Aim of the exercise: Everything from the first line of the data below through the line that contains "kem dưỡng trắng" should be written out exactly, please, and nothing more; the pictures stay out.

Material for this exercise:
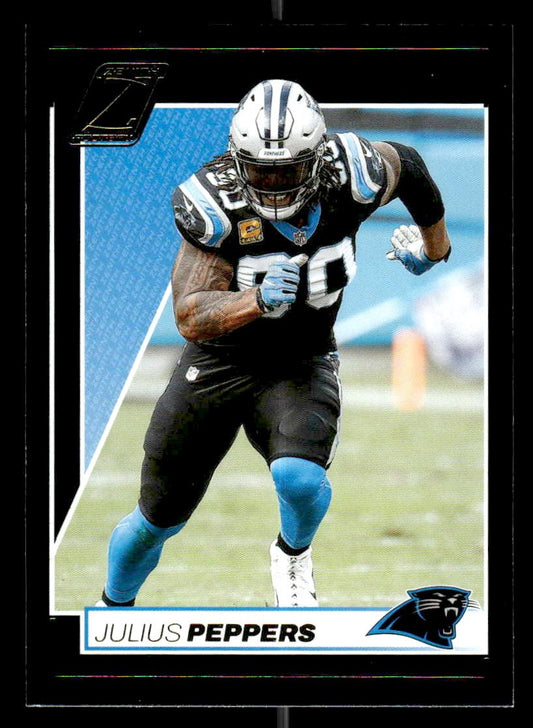 2024 Panini Zenith #15 Julius Peppers Retail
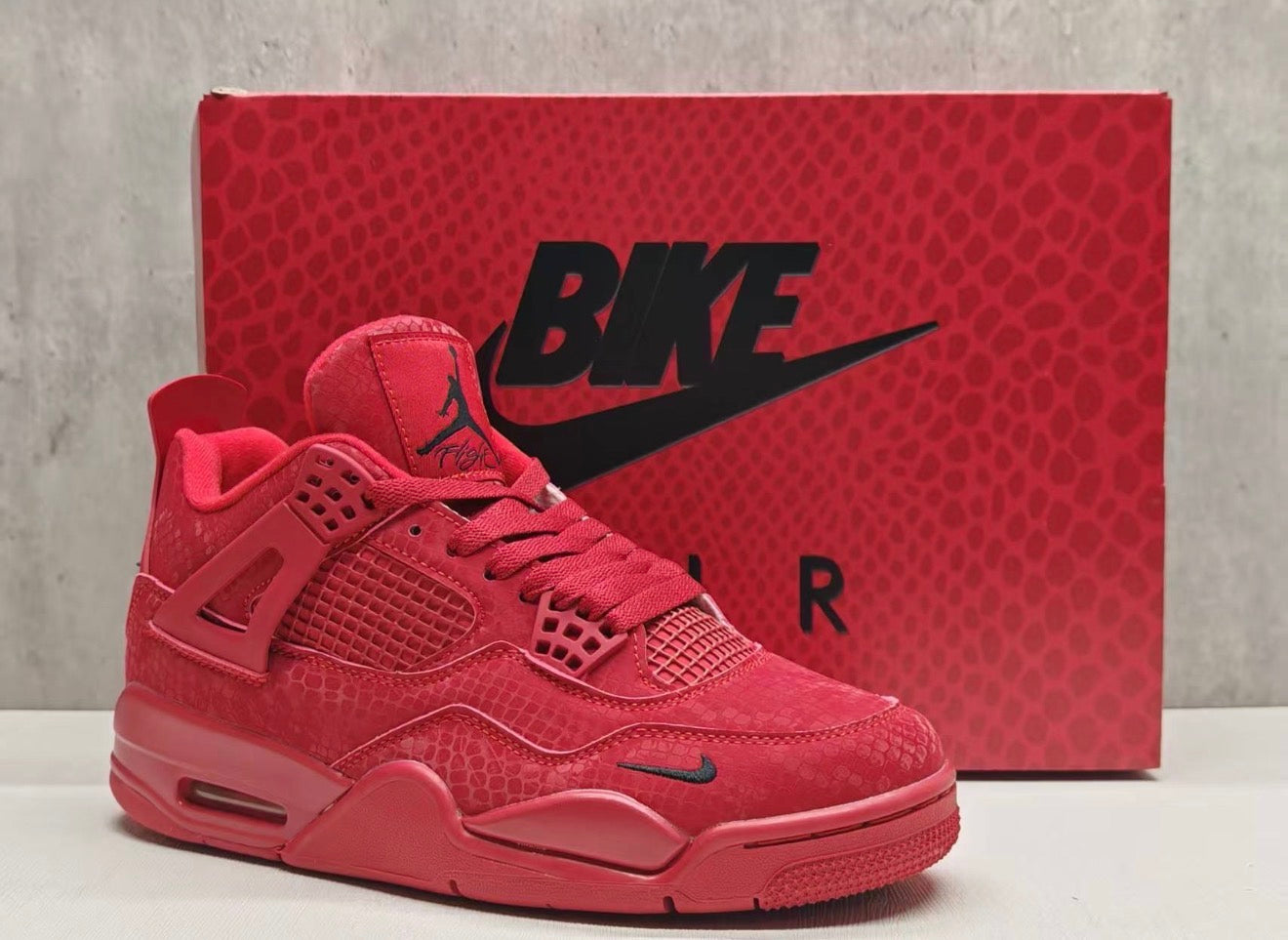 AJ4 AIR JORDAN 4 (MEN) U.S SIZE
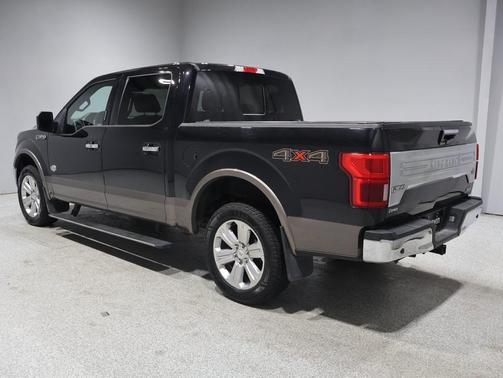 2019 Ford F-150 King Ranch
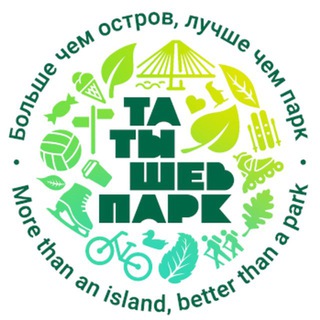 Аватар канала Татышев-парк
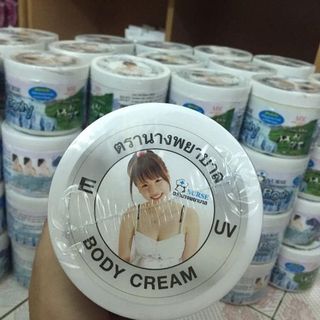 kem dưỡng trắng da toàn thân ice body cream 500gr
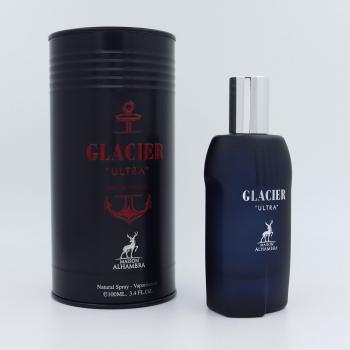 Maison Alhambra Glacier Ultra 100ml Eau de Parfum - Oriental Amber Gourmand Fragrance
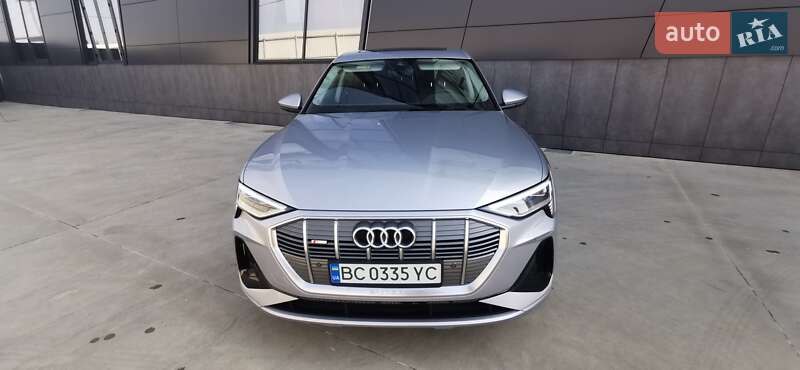 Внедорожник / Кроссовер Audi e-tron Sportback 2020 в Львове фото 3 Внедорожник / Кроссовер Audi e-tron Sportback 2020 в Львове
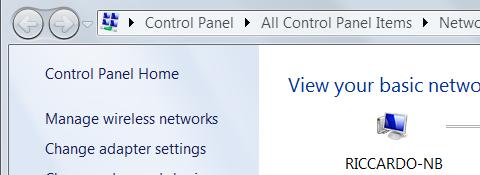 INITIAL CONFIGURATION - CONNECTING TO THE LOGIN PAGE (WINDOWS) On your desktop look at the Task Tray in the bottom right corner, assuming you have notifications enabled you should see an icon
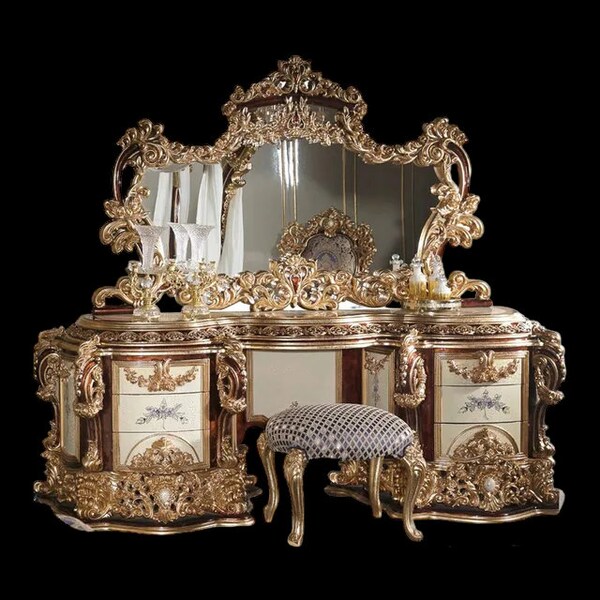 French Vanity - Etsy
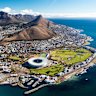 Cape Town.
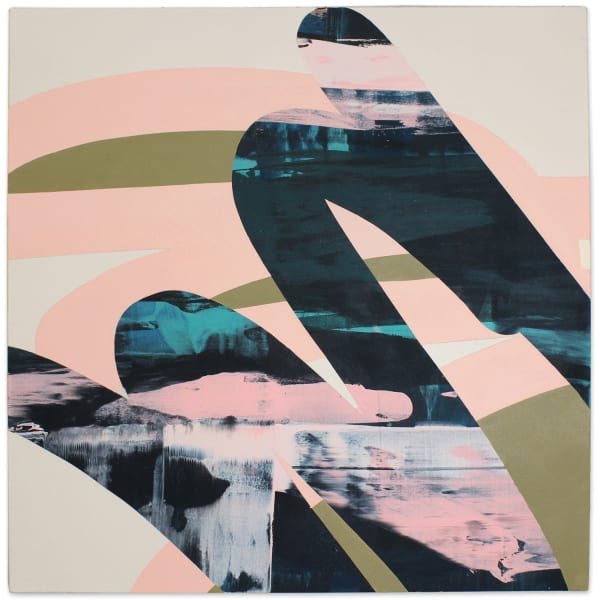 KATHRYN MACNAUGHTON, Pressure, 2019
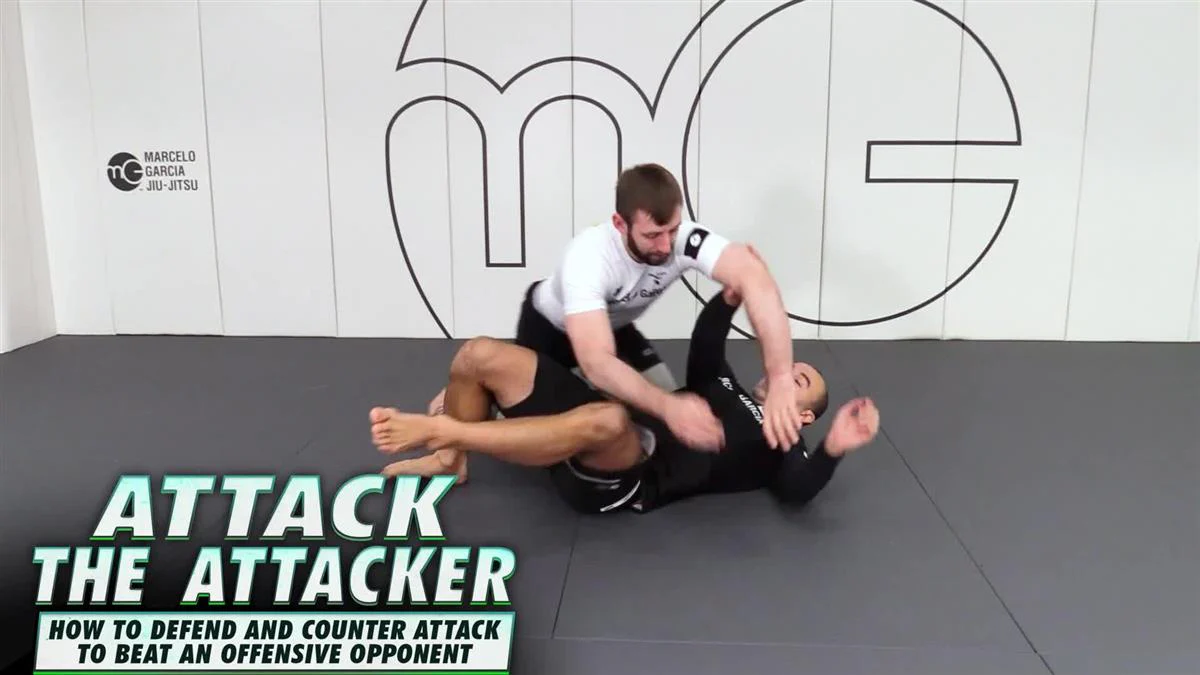 Attack The attacker by Marcelo Garcia - Image 3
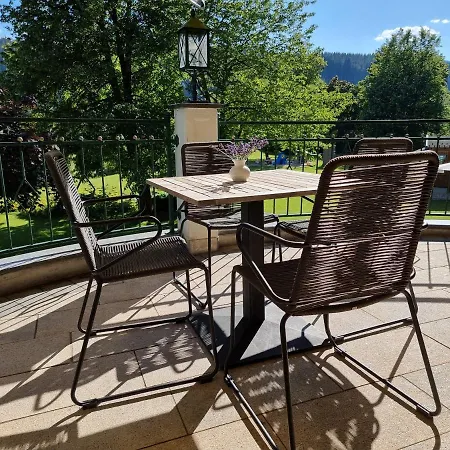 호텔 Familien- Und Wanderhotel Matschner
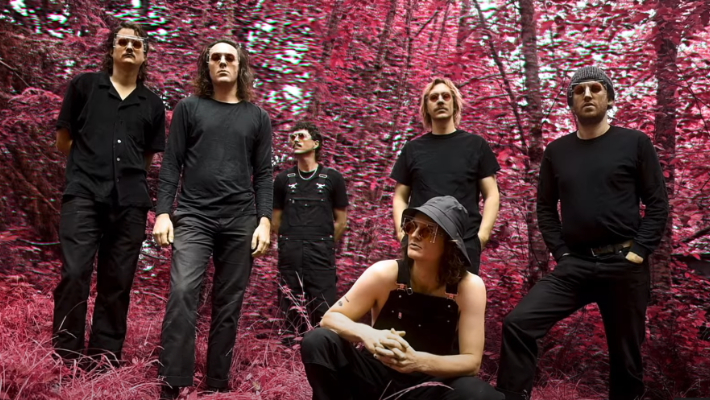 King Gizzard & The Lizard Wizard annoncent «Phantom Island», encore un autre nouvel album (leur 27e)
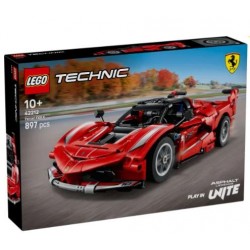 LEGO TECHNIC FERRARI FXX K 42212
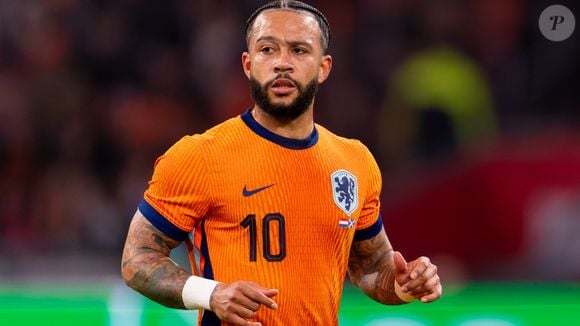 Memphis Depay ficou cerca de 2 anos no Corinthians onde conquistou 3 títulos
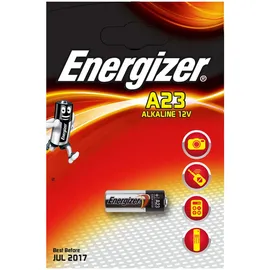 Energizer Classic Alkaline A23 1 St.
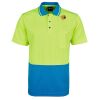Hi-Vis Non Cuff Traditional Polo Thumbnail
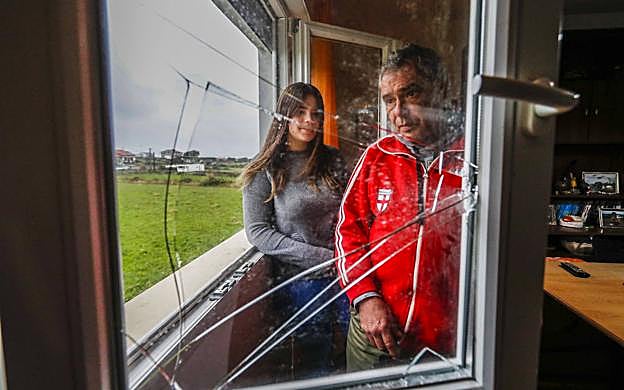 Ladrones en Cueto y Monte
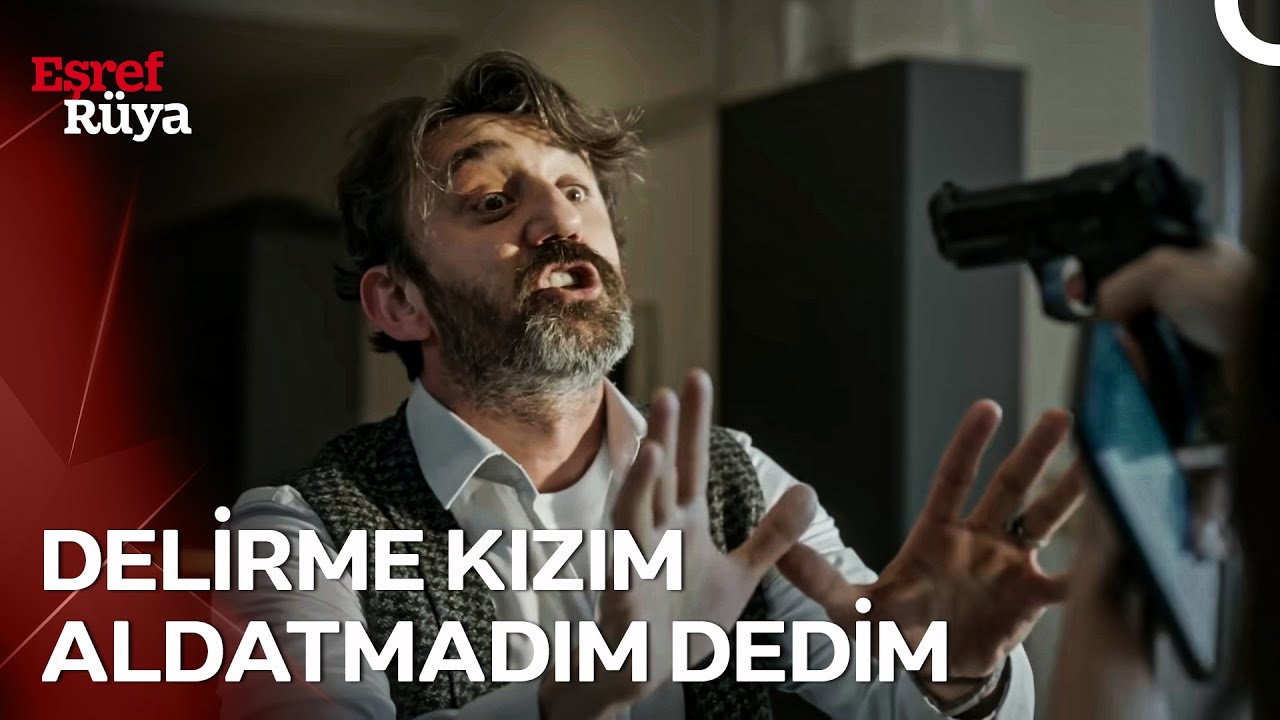 Gürdal'a Silah Çeken Tek Kadın | Eşref Rüya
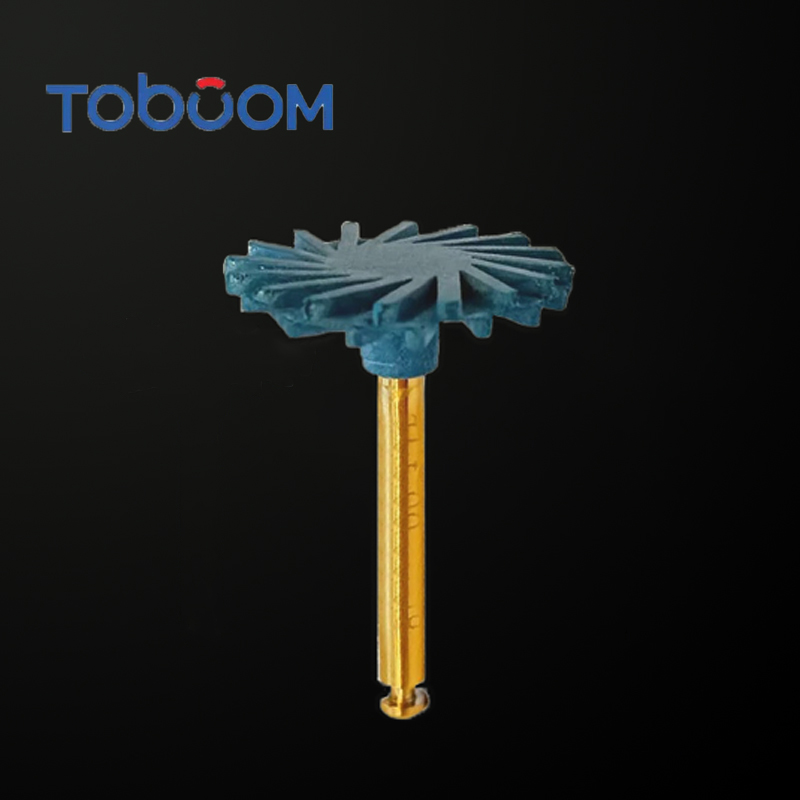 دیسک پرداخت خورشیدی چندمنظوره آبی توبوم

Output below:
 2024 Panini Zenith #15 Julius Peppers Retail
 AJ4 AIR JORDAN 4 (MEN) U.S SIZE
 2019 Ford F-150 King Ranch
 Аватар канала Татышев-парк
 kem dưỡng trắng da toàn thân ice body cream 500gr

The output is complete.